** Raw data **
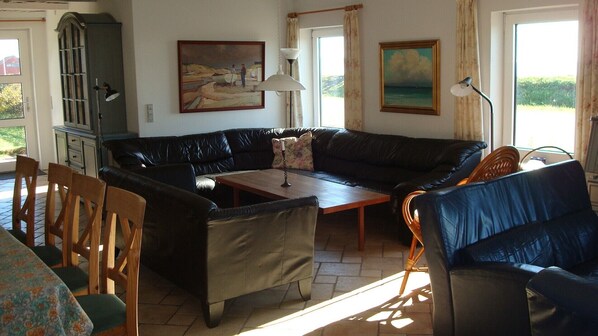 TV, fireplace, DVD player, ping pong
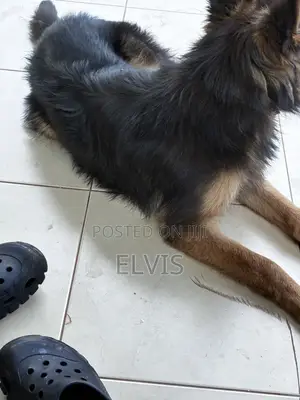 3-6 months Female Purebred German Shepherd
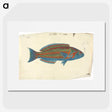 1-37_Luigi-Balugani_picture
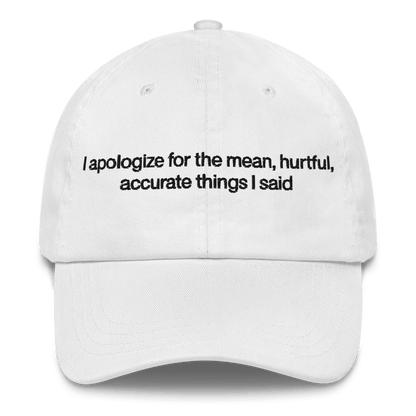 I apologize for the mean, hurtful, accurate things I said Embroidered Hat - Polychrome Goods 🍊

** Exercise description **
Extract only the lines from the line containing "1-37_Luigi-Balugani_picture" through the final line of the listing above, unchanged; pictures stay out of the copy.

** Answer to this task **
 1-37_Luigi-Balugani_picture
 I apologize for the mean, hurtful, accurate things I said Embroidered Hat - Polychrome Goods 🍊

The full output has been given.